(Task instructions):
No pictures go in the copy; everything else in the records below must be output exactly.

(Input material):

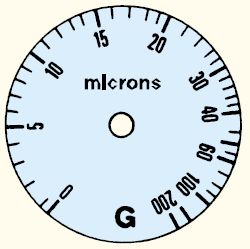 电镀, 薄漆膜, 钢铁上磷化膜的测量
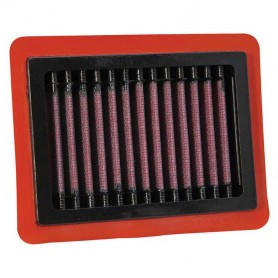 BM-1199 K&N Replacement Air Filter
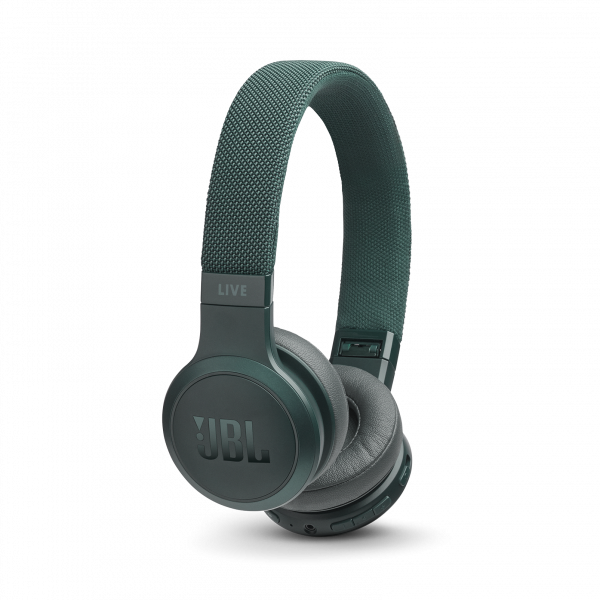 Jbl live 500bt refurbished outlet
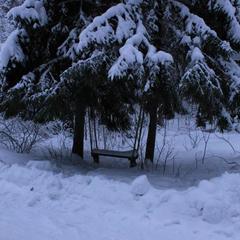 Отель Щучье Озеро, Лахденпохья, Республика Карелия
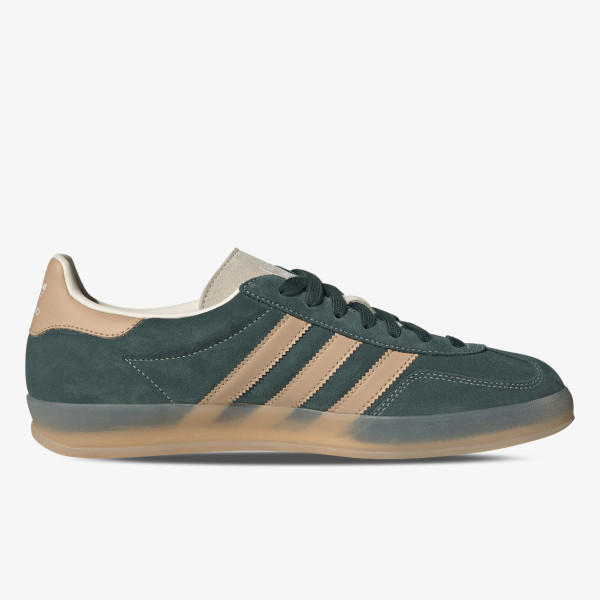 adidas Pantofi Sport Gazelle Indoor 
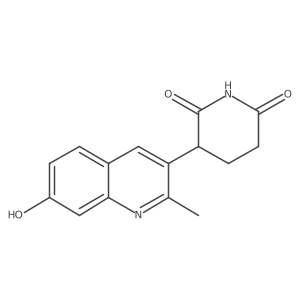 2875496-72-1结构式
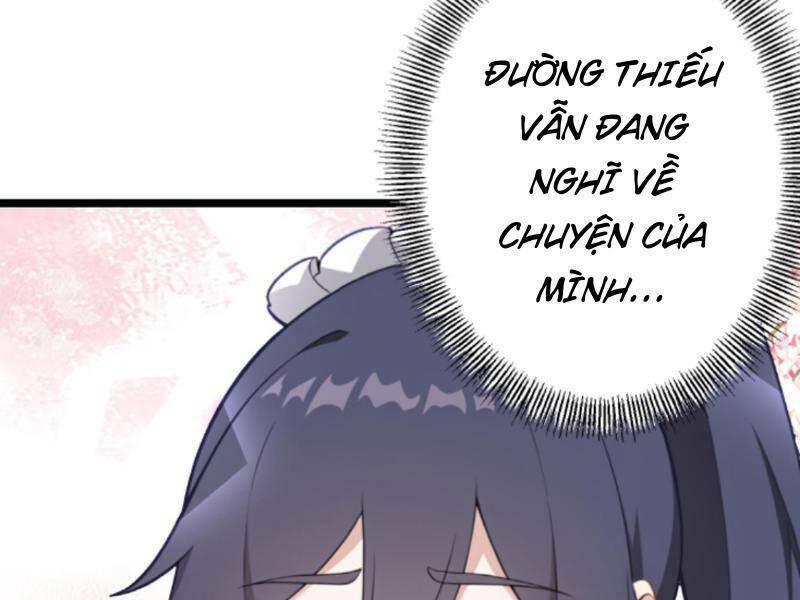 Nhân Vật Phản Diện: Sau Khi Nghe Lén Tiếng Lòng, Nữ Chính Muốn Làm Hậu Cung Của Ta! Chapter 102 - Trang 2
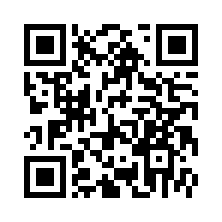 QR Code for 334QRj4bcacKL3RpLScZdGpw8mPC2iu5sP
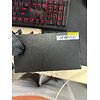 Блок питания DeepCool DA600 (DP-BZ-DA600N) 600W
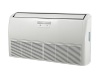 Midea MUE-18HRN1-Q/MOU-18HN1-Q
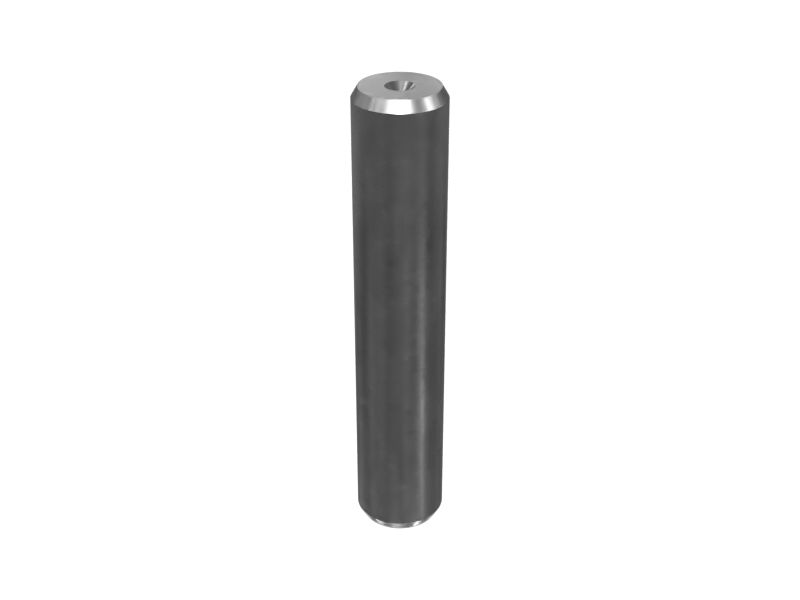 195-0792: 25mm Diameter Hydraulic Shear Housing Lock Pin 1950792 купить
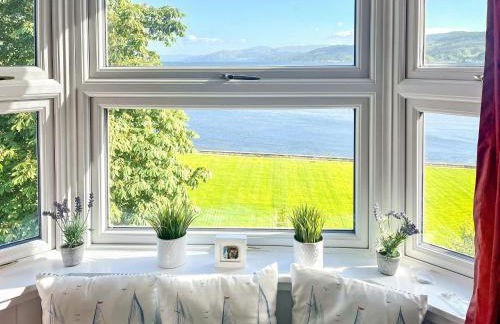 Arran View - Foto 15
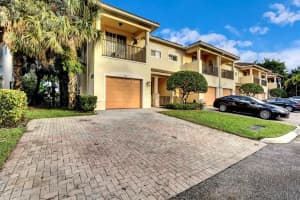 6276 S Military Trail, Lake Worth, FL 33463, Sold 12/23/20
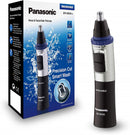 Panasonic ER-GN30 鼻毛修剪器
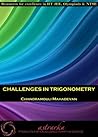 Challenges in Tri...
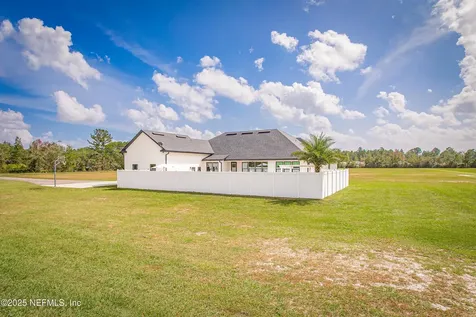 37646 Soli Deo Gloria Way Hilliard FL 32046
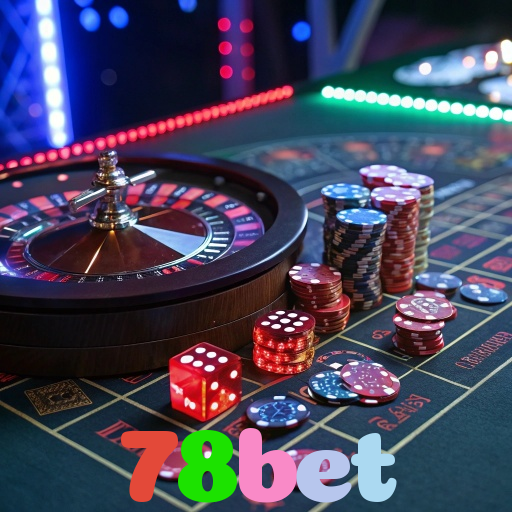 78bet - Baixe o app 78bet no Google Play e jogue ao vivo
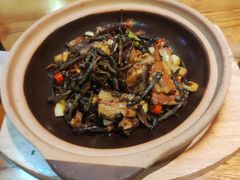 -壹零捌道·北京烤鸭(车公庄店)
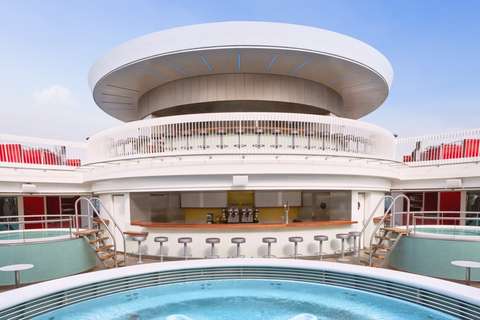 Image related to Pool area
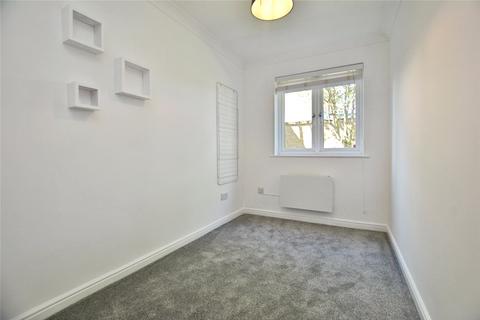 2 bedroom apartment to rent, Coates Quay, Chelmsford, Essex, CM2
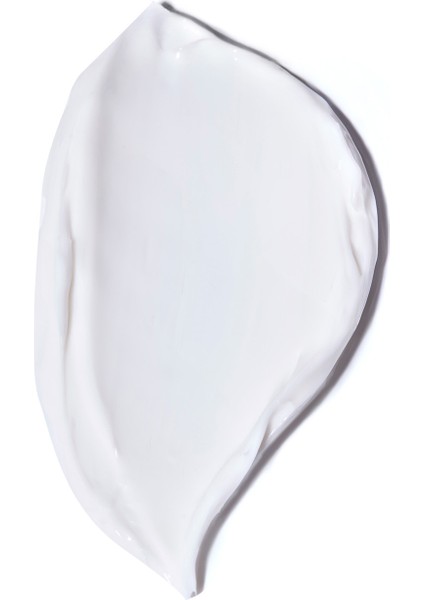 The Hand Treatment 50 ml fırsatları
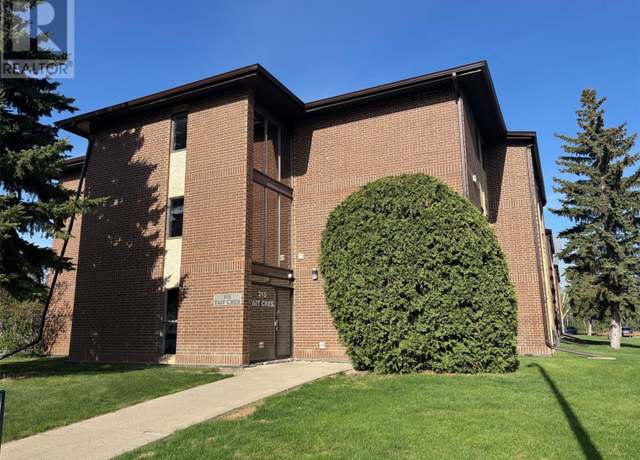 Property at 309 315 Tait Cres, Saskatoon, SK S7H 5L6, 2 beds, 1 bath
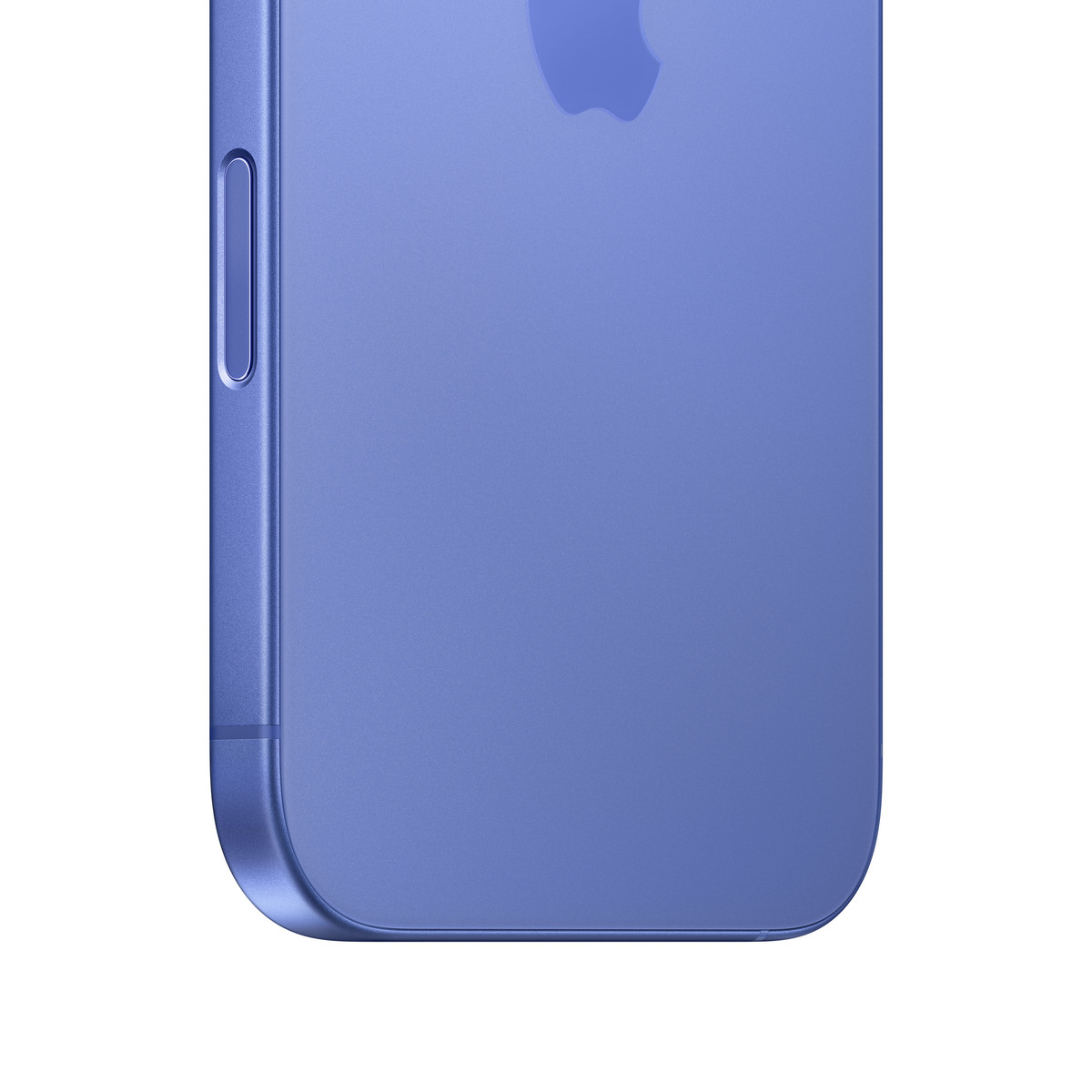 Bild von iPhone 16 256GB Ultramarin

(Finished exercise):
 电镀, 薄漆膜, 钢铁上磷化膜的测量
 BM-1199 K&N Replacement Air Filter
 Jbl live 500bt refurbished outlet
 Отель Щучье Озеро, Лахденпохья, Республика Карелия
 adidas Pantofi Sport Gazelle Indoor 
 2875496-72-1结构式
 Nhân Vật Phản Diện: Sau Khi Nghe Lén Tiếng Lòng, Nữ Chính Muốn Làm Hậu Cung Của Ta! Chapter 102 - Trang 2
 QR Code for 334QRj4bcacKL3RpLScZdGpw8mPC2iu5sP
 Блок питания DeepCool DA600 (DP-BZ-DA600N) 600W
 Midea MUE-18HRN1-Q/MOU-18HN1-Q
 195-0792: 25mm Diameter Hydraulic Shear Housing Lock Pin 1950792 купить
 Arran View - Foto 15
 6276 S Military Trail, Lake Worth, FL 33463, Sold 12/23/20
 Panasonic ER-GN30 鼻毛修剪器
 Challenges in Tri...
 37646 Soli Deo Gloria Way Hilliard FL 32046
 78bet - Baixe o app 78bet no Google Play e jogue ao vivo
 -壹零捌道·北京烤鸭(车公庄店)
 Image related to Pool area
 2 bedroom apartment to rent, Coates Quay, Chelmsford, Essex, CM2
 The Hand Treatment 50 ml fırsatları
 Property at 309 315 Tait Cres, Saskatoon, SK S7H 5L6, 2 beds, 1 bath
 Bild von iPhone 16 256GB Ultramarin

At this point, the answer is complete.